What this task involves - The answer is the line with "Img - Tower Room Falls View One King" and every line after it to the end of the listing, retyped exactly. Pictures do not belong in it.

Data for review -
════
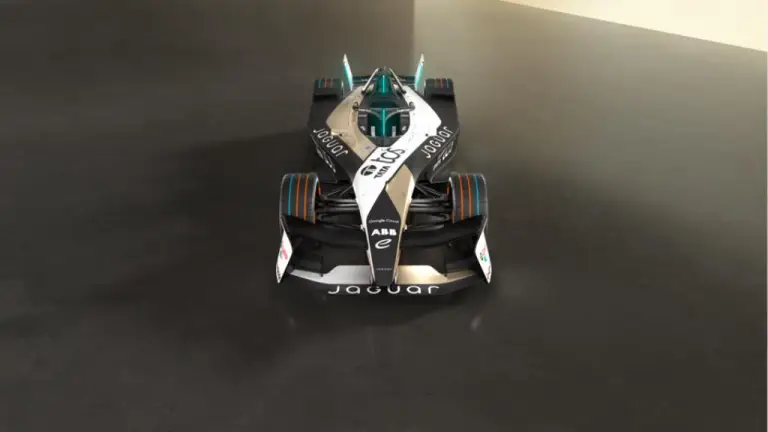 Jaguar I-Type 7 - 10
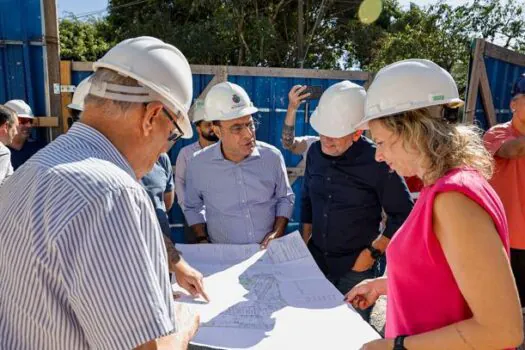 Auricchio vistoria obras de construção do CEEC  do Bairro Mauá 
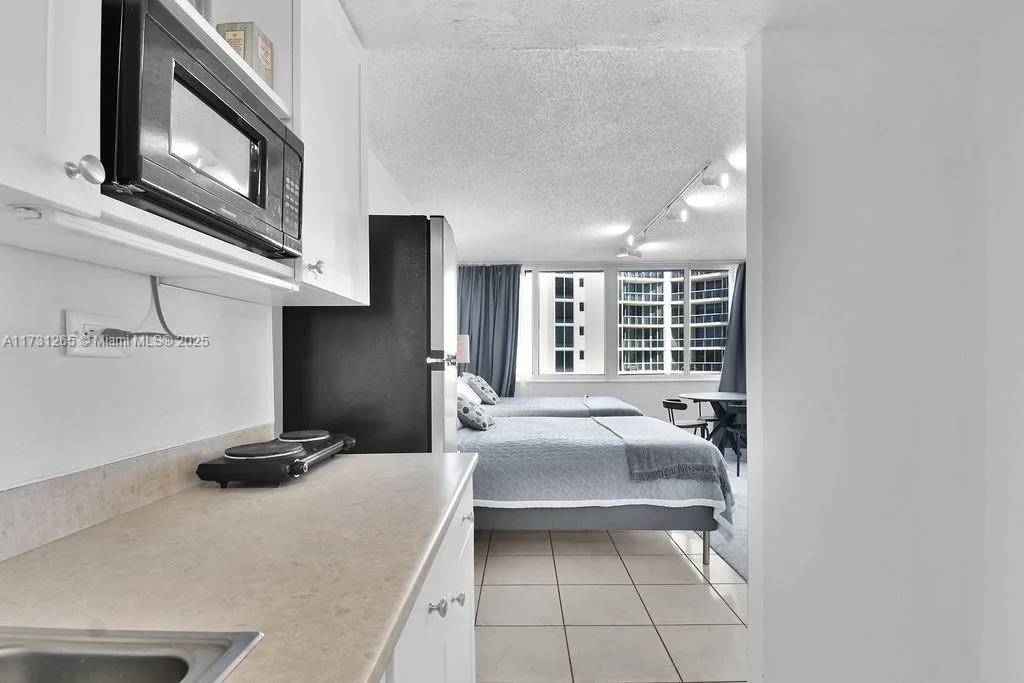 19201 Collins Ave # 526, Sunny Isles Beach, FL 33160 photo 11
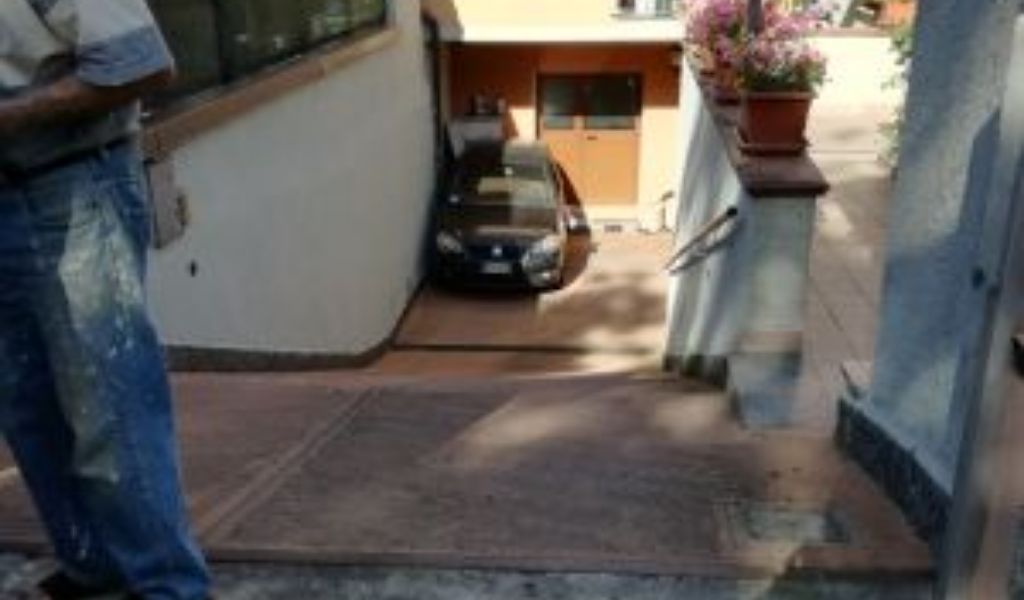 Si è spezzato le braccia nel salvare l’auto che finisce nel box del vicino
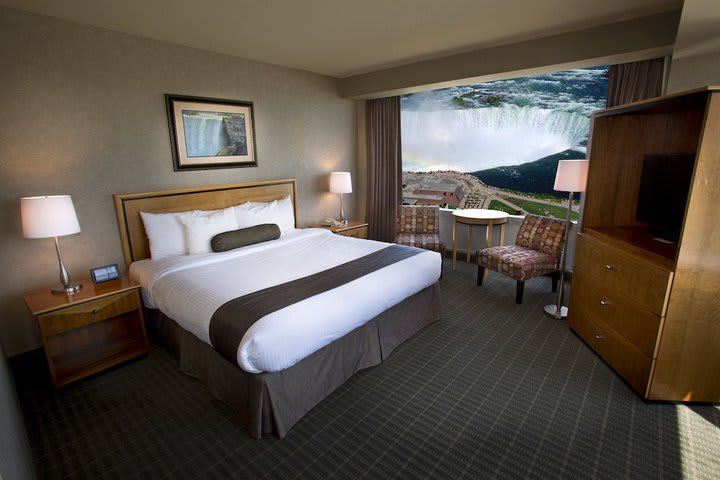 Img - Tower Room Falls View One King
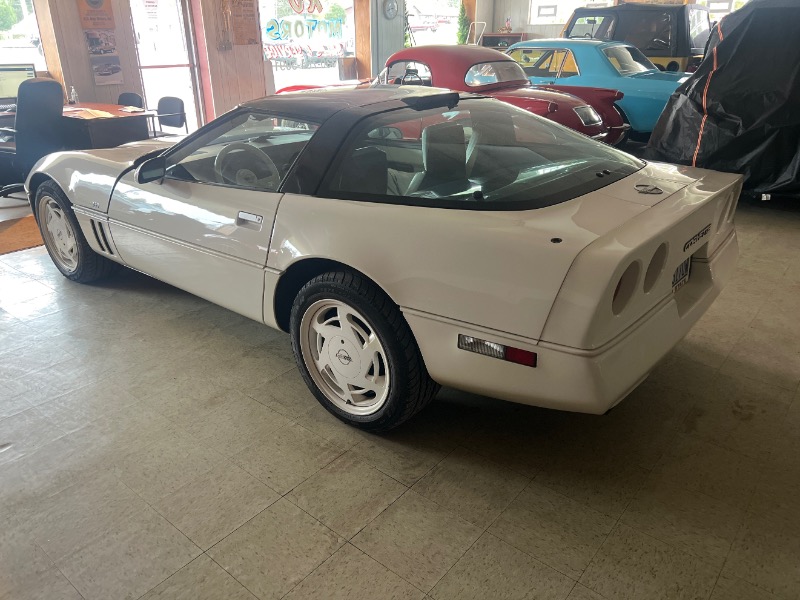 Chevrolet Corvette Coupe 1988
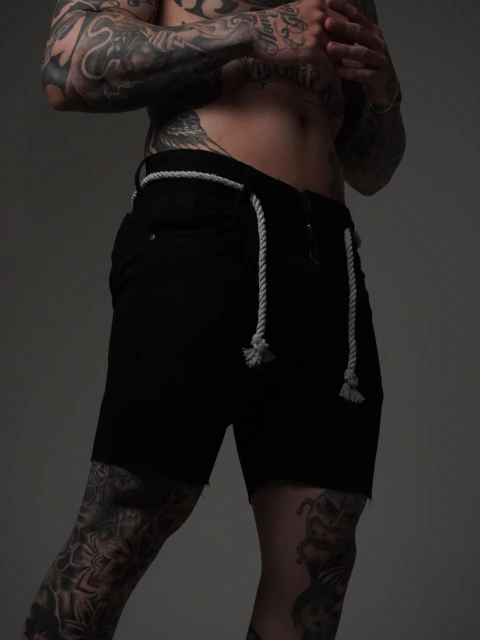Bermuda Jeans cordão - Preta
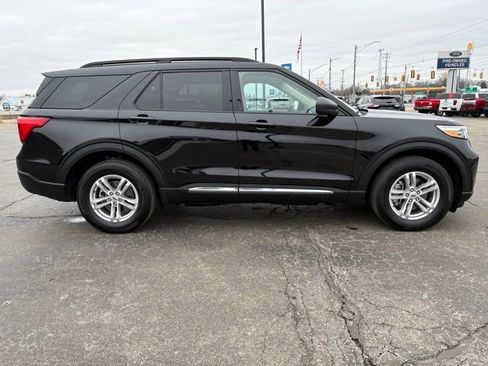 Used 2023 Ford Explorer XLT w/ Equipment Group 202A image 10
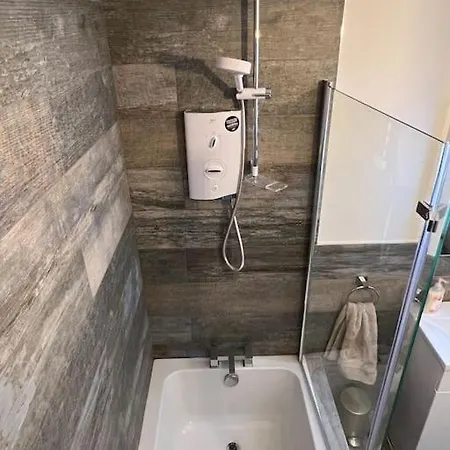 Luxury Living In Chapel Allerton By Yorksha Property شقة ليدز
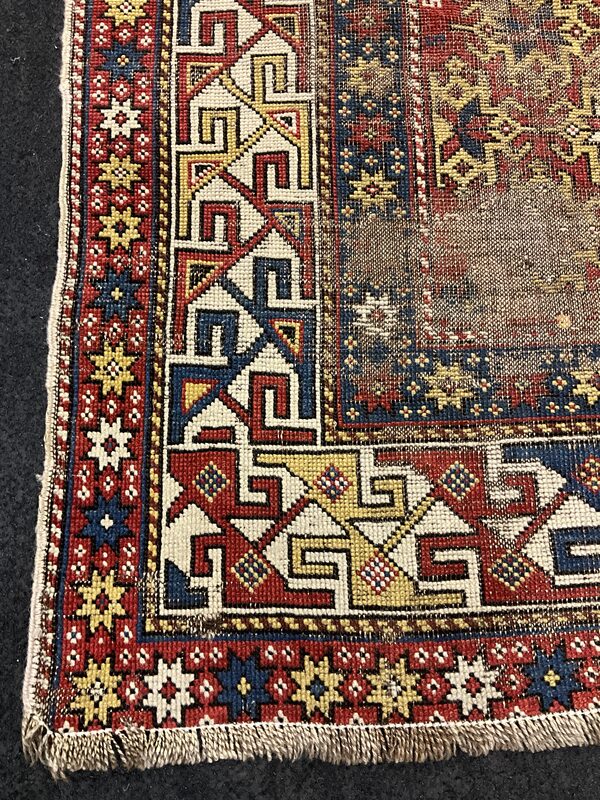 Caucasian / 32644 | WOVEN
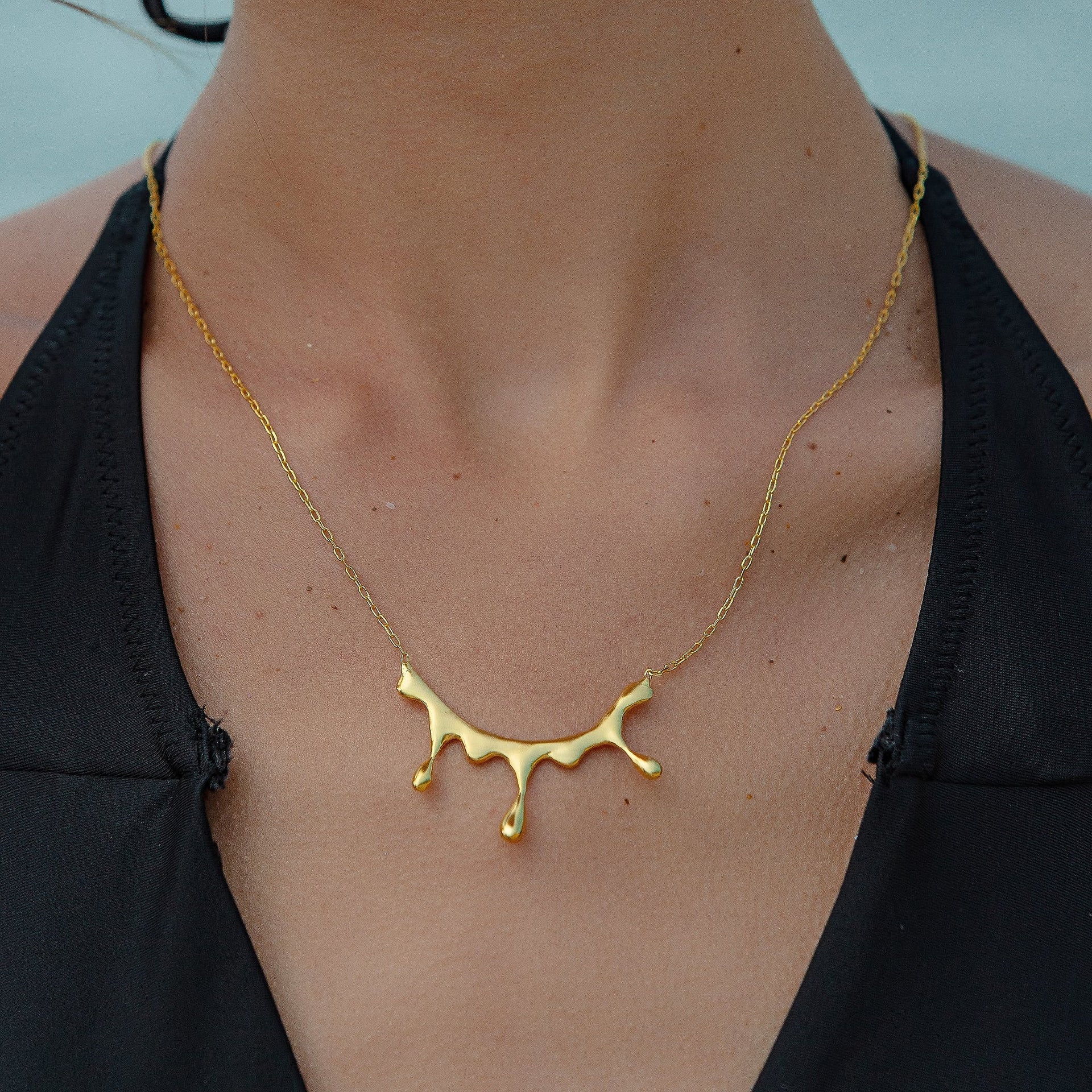 Dripping Gold Melting Necklace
════
Output below -
 Img - Tower Room Falls View One King
 Chevrolet Corvette Coupe 1988
Bermuda Jeans cordão - Preta
 Used 2023 Ford Explorer XLT w/ Equipment Group 202A image 10
 Luxury Living In Chapel Allerton By Yorksha Property شقة ليدز
 Caucasian / 32644 | WOVEN
 Dripping Gold Melting Necklace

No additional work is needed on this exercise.